▸ Task to complete: Your task is to give the data again, exactly, with every line intact.

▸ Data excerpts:

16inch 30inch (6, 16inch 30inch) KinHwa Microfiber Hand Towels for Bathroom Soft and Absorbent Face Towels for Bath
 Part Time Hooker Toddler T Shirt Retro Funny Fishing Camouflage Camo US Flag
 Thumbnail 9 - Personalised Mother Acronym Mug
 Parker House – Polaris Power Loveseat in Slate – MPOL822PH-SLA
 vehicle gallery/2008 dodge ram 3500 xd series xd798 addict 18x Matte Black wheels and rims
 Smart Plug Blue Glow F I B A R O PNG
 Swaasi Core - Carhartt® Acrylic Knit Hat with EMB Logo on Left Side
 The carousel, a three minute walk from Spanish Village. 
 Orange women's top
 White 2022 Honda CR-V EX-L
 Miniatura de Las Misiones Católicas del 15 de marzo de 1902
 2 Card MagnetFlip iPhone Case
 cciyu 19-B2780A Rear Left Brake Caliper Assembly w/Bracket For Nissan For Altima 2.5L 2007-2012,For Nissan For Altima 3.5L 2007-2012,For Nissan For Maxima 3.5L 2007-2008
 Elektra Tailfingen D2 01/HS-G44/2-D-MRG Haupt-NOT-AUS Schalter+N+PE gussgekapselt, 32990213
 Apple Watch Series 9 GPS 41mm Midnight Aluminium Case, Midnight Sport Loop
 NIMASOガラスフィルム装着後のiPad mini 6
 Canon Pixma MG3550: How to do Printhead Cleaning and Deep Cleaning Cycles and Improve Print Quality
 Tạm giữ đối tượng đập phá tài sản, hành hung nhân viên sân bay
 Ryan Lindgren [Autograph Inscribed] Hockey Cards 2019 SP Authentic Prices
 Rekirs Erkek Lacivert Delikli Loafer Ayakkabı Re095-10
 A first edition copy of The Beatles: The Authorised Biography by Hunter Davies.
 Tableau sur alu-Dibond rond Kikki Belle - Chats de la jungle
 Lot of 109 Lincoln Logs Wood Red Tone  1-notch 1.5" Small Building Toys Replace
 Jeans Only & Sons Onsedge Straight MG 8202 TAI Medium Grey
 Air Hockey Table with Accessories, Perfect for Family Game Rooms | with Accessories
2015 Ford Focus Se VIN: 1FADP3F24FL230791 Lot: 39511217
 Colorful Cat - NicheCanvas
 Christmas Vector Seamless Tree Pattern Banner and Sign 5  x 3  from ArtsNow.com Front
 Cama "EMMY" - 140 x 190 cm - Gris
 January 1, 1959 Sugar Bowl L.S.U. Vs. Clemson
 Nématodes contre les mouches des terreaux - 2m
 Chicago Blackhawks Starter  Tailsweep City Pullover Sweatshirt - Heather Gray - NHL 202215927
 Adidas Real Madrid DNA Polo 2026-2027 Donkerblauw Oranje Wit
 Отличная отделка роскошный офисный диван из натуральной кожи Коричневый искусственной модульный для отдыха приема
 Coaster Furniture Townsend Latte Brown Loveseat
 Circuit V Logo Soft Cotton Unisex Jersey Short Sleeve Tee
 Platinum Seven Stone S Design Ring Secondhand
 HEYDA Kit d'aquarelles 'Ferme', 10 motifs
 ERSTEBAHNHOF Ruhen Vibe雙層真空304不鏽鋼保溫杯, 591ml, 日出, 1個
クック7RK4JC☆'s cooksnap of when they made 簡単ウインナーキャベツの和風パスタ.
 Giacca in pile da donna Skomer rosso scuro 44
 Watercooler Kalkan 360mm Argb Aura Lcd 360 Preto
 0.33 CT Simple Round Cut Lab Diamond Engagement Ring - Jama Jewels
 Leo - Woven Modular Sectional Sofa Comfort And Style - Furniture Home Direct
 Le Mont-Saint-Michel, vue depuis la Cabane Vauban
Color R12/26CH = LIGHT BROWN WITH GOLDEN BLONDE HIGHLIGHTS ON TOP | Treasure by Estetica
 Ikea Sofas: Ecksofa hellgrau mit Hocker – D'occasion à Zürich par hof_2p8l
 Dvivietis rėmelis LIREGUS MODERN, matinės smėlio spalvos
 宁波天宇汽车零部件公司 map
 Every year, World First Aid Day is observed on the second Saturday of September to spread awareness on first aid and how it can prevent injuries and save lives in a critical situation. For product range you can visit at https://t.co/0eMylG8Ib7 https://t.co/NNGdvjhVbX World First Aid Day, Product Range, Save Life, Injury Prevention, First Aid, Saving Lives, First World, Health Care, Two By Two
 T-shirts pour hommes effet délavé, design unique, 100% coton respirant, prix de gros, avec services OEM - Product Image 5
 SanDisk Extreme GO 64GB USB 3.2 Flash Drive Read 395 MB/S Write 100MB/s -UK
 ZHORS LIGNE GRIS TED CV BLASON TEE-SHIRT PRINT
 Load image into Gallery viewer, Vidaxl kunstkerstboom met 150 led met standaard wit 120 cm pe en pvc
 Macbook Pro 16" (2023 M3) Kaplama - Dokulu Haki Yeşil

▸ Solution:
16inch 30inch (6, 16inch 30inch) KinHwa Microfiber Hand Towels for Bathroom Soft and Absorbent Face Towels for Bath
 Part Time Hooker Toddler T Shirt Retro Funny Fishing Camouflage Camo US Flag
 Thumbnail 9 - Personalised Mother Acronym Mug
 Parker House – Polaris Power Loveseat in Slate – MPOL822PH-SLA
 vehicle gallery/2008 dodge ram 3500 xd series xd798 addict 18x Matte Black wheels and rims
 Smart Plug Blue Glow F I B A R O PNG
 Swaasi Core - Carhartt® Acrylic Knit Hat with EMB Logo on Left Side
 The carousel, a three minute walk from Spanish Village. 
 Orange women's top
 White 2022 Honda CR-V EX-L
 Miniatura de Las Misiones Católicas del 15 de marzo de 1902
 2 Card MagnetFlip iPhone Case
 cciyu 19-B2780A Rear Left Brake Caliper Assembly w/Bracket For Nissan For Altima 2.5L 2007-2012,For Nissan For Altima 3.5L 2007-2012,For Nissan For Maxima 3.5L 2007-2008
 Elektra Tailfingen D2 01/HS-G44/2-D-MRG Haupt-NOT-AUS Schalter+N+PE gussgekapselt, 32990213
 Apple Watch Series 9 GPS 41mm Midnight Aluminium Case, Midnight Sport Loop
 NIMASOガラスフィルム装着後のiPad mini 6
 Canon Pixma MG3550: How to do Printhead Cleaning and Deep Cleaning Cycles and Improve Print Quality
 Tạm giữ đối tượng đập phá tài sản, hành hung nhân viên sân bay
 Ryan Lindgren [Autograph Inscribed] Hockey Cards 2019 SP Authentic Prices
 Rekirs Erkek Lacivert Delikli Loafer Ayakkabı Re095-10
 A first edition copy of The Beatles: The Authorised Biography by Hunter Davies.
 Tableau sur alu-Dibond rond Kikki Belle - Chats de la jungle
 Lot of 109 Lincoln Logs Wood Red Tone  1-notch 1.5" Small Building Toys Replace
 Jeans Only & Sons Onsedge Straight MG 8202 TAI Medium Grey
 Air Hockey Table with Accessories, Perfect for Family Game Rooms | with Accessories
2015 Ford Focus Se VIN: 1FADP3F24FL230791 Lot: 39511217
 Colorful Cat - NicheCanvas
 Christmas Vector Seamless Tree Pattern Banner and Sign 5  x 3  from ArtsNow.com Front
 Cama "EMMY" - 140 x 190 cm - Gris
 January 1, 1959 Sugar Bowl L.S.U. Vs. Clemson
 Nématodes contre les mouches des terreaux - 2m
 Chicago Blackhawks Starter  Tailsweep City Pullover Sweatshirt - Heather Gray - NHL 202215927
 Adidas Real Madrid DNA Polo 2026-2027 Donkerblauw Oranje Wit
 Отличная отделка роскошный офисный диван из натуральной кожи Коричневый искусственной модульный для отдыха приема
 Coaster Furniture Townsend Latte Brown Loveseat
 Circuit V Logo Soft Cotton Unisex Jersey Short Sleeve Tee
 Platinum Seven Stone S Design Ring Secondhand
 HEYDA Kit d'aquarelles 'Ferme', 10 motifs
 ERSTEBAHNHOF Ruhen Vibe雙層真空304不鏽鋼保溫杯, 591ml, 日出, 1個
クック7RK4JC☆'s cooksnap of when they made 簡単ウインナーキャベツの和風パスタ.
 Giacca in pile da donna Skomer rosso scuro 44
 Watercooler Kalkan 360mm Argb Aura Lcd 360 Preto
 0.33 CT Simple Round Cut Lab Diamond Engagement Ring - Jama Jewels
 Leo - Woven Modular Sectional Sofa Comfort And Style - Furniture Home Direct
 Le Mont-Saint-Michel, vue depuis la Cabane Vauban
Color R12/26CH = LIGHT BROWN WITH GOLDEN BLONDE HIGHLIGHTS ON TOP | Treasure by Estetica
 Ikea Sofas: Ecksofa hellgrau mit Hocker – D'occasion à Zürich par hof_2p8l
 Dvivietis rėmelis LIREGUS MODERN, matinės smėlio spalvos
 宁波天宇汽车零部件公司 map
 Every year, World First Aid Day is observed on the second Saturday of September to spread awareness on first aid and how it can prevent injuries and save lives in a critical situation. For product range you can visit at https://t.co/0eMylG8Ib7 https://t.co/NNGdvjhVbX World First Aid Day, Product Range, Save Life, Injury Prevention, First Aid, Saving Lives, First World, Health Care, Two By Two
 T-shirts pour hommes effet délavé, design unique, 100% coton respirant, prix de gros, avec services OEM - Product Image 5
 SanDisk Extreme GO 64GB USB 3.2 Flash Drive Read 395 MB/S Write 100MB/s -UK
 ZHORS LIGNE GRIS TED CV BLASON TEE-SHIRT PRINT
 Load image into Gallery viewer, Vidaxl kunstkerstboom met 150 led met standaard wit 120 cm pe en pvc
 Macbook Pro 16" (2023 M3) Kaplama - Dokulu Haki Yeşil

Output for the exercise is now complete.